The network was founded in November 2006 by the Literary Colloquium Berlin (LCB), in co-operation with the German Robert Bosch Stiftung foundation and the Borderland Foundation from the town of Sejny, north-eastern Poland. With representatives in Bulgaria, the Czech Republic, Estonia, Germany, Hungary, Latvia, Lithuania, Poland, Romania, Serbia and Slovenia, activity is mostly centered in central and eastern Europe.
Writers travel
Halma is more than just a network, as it develops more concrete initiatives. Writers, translators and journalists can apply for two-month scholarships of 1, 000 euros (£792) per month, allowing them to travel to other national Halma bases and present their work there. After the trip, scholarship winners collect their experiences together in an essay published in Halma’s online library. Six scholarships have already been awarded to the likes of Swiss writer Urs Faes, Albanian Fatos Kongoli, Angolan Filipa Melo, German Annette Mingels and Austrian Richard Obermayr, who are in the 30 – 50 age range.

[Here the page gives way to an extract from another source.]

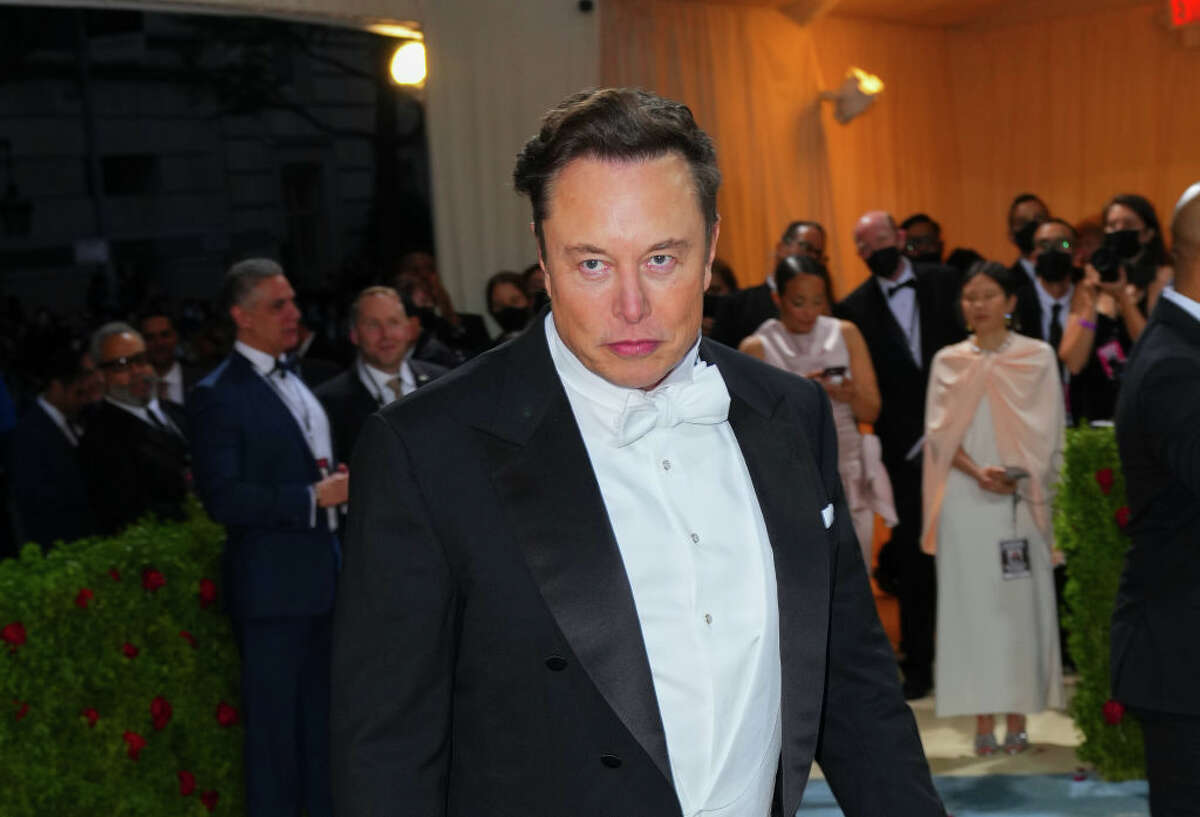 Elon Musk asiste a la Gala Met 2022 que celebra "In America: An Anthology of Fashion" en el Museo Metropolitano de Arte el 2 de mayo de 2022 en la ciudad de Nueva York.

German foreign minister Frank-Walter Steinmeier quoted British journalist Timothy Garton Ash in a Halma speech in Berlin: ‘Ash recently bemoaned that ‘Europe has lost the plot’. The people don't know why the European Union exists and what it is good for. What we urgently need, according to Ash, is a new narrative. If Europe has supposedly lost the plot, what could be better than creating a new web, a new network?’ But Halma is now spreading in the direction of western Europe. After the ‘Writers House’ in the Finnish university city of Jyväskylä, the Logvinov Publishing House in Minsk and the M.E.E.T. (Maison des Écrivains Étrangers et des Traducteurs, or ‘House of Foreign Writers and Translators’) from Saint-Nazaire in France were set up in June 2008, Halma's most recent collaboration with the Passa Porta International House of Literature in Brussels represents its second big step to the west.